> Work item: In the material below, find the line containing "Two heads of broccoli on a cutting board" and the line containing "Helles Gäste-WC mit". Output those two lines and all lines between them exactly, without pictures.

> Data for this task:
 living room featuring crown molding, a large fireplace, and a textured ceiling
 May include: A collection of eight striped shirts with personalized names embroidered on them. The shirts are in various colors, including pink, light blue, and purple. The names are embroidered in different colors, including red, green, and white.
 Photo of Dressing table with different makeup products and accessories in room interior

==

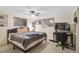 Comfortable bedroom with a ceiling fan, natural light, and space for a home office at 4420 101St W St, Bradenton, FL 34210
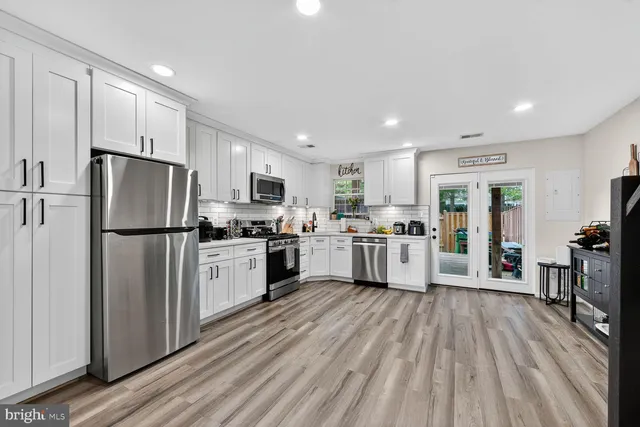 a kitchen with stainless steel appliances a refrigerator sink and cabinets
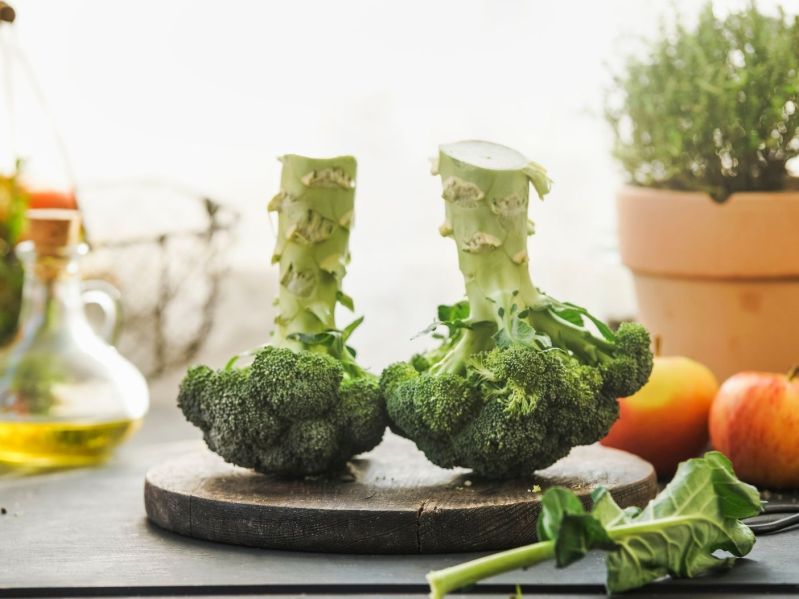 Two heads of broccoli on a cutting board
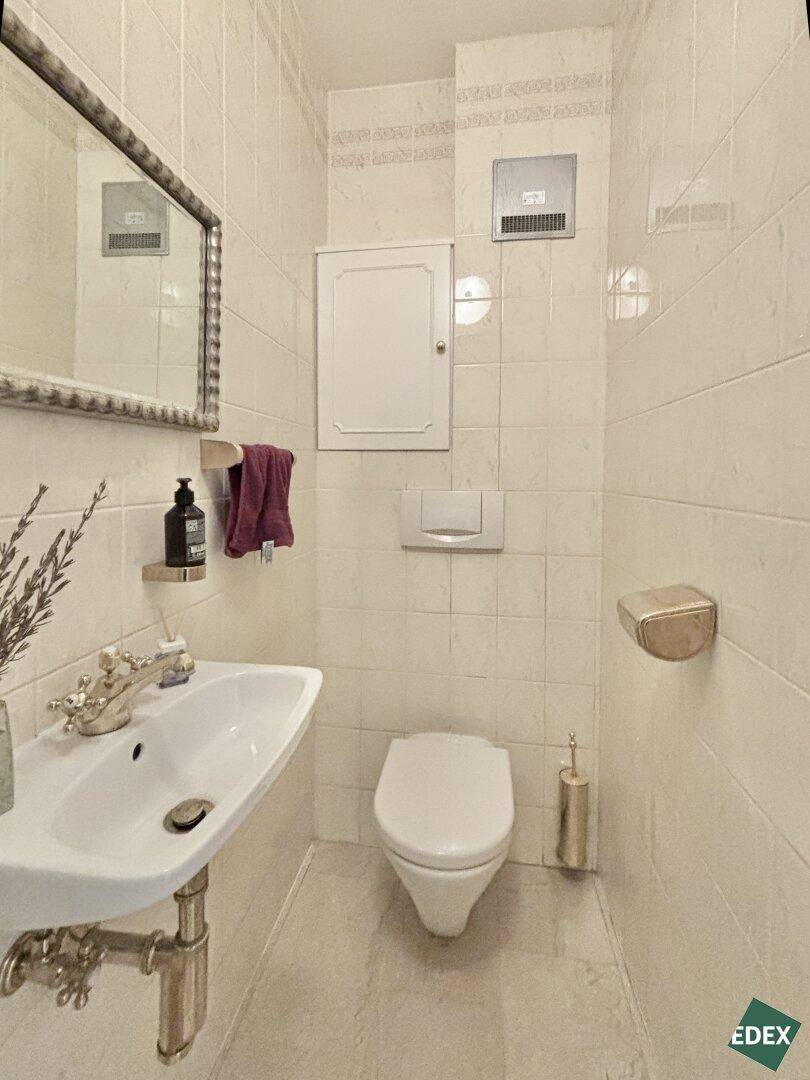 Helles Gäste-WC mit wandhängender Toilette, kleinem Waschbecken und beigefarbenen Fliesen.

--

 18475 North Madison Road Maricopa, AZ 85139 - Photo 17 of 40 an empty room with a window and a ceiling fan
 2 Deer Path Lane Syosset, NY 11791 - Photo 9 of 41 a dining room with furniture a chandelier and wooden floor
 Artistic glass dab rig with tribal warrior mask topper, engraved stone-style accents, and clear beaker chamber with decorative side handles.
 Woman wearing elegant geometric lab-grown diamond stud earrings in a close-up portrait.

> Solution to this problem:
 Two heads of broccoli on a cutting board
 Helles Gäste-WC mit wandhängender Toilette, kleinem Waschbecken und beigefarbenen Fliesen.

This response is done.